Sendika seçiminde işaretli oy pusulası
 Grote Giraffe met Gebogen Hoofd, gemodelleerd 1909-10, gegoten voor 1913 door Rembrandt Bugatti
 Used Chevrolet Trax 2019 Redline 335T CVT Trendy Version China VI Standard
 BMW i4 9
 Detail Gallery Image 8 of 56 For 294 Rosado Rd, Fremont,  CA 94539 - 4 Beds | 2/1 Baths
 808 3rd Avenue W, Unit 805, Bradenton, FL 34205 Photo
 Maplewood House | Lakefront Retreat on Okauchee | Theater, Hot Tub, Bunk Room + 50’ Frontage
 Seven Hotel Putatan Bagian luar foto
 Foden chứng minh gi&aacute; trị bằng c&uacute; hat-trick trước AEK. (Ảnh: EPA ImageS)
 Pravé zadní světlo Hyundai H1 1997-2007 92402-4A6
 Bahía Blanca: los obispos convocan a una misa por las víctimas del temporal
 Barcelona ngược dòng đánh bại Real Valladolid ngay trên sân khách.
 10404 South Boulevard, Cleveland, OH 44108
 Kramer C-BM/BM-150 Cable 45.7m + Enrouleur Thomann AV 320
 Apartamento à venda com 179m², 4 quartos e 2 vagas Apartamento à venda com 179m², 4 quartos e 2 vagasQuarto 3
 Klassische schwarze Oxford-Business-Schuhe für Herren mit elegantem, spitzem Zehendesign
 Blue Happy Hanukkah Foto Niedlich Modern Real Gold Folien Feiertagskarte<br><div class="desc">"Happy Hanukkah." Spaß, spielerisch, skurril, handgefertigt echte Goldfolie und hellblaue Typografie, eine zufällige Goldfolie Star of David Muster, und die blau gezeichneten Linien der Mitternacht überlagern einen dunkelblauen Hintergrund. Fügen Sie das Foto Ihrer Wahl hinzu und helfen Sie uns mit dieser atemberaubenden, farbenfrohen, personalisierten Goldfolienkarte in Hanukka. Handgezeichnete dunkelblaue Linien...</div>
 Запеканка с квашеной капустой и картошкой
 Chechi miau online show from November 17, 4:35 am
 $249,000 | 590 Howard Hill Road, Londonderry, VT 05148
--*--
What the task asks: Set down exactly what runs from the line with "Foden chứng minh" to the last line of the data above, including both of those lines and no others.

Written answer:
 Foden chứng minh gi&aacute; trị bằng c&uacute; hat-trick trước AEK. (Ảnh: EPA ImageS)
 Pravé zadní světlo Hyundai H1 1997-2007 92402-4A6
 Bahía Blanca: los obispos convocan a una misa por las víctimas del temporal
 Barcelona ngược dòng đánh bại Real Valladolid ngay trên sân khách.
 10404 South Boulevard, Cleveland, OH 44108
 Kramer C-BM/BM-150 Cable 45.7m + Enrouleur Thomann AV 320
 Apartamento à venda com 179m², 4 quartos e 2 vagas Apartamento à venda com 179m², 4 quartos e 2 vagasQuarto 3
 Klassische schwarze Oxford-Business-Schuhe für Herren mit elegantem, spitzem Zehendesign
 Blue Happy Hanukkah Foto Niedlich Modern Real Gold Folien Feiertagskarte<br><div class="desc">"Happy Hanukkah." Spaß, spielerisch, skurril, handgefertigt echte Goldfolie und hellblaue Typografie, eine zufällige Goldfolie Star of David Muster, und die blau gezeichneten Linien der Mitternacht überlagern einen dunkelblauen Hintergrund. Fügen Sie das Foto Ihrer Wahl hinzu und helfen Sie uns mit dieser atemberaubenden, farbenfrohen, personalisierten Goldfolienkarte in Hanukka. Handgezeichnete dunkelblaue Linien...</div>
 Запеканка с квашеной капустой и картошкой
 Chechi miau online show from November 17, 4:35 am
 $249,000 | 590 Howard Hill Road, Londonderry, VT 05148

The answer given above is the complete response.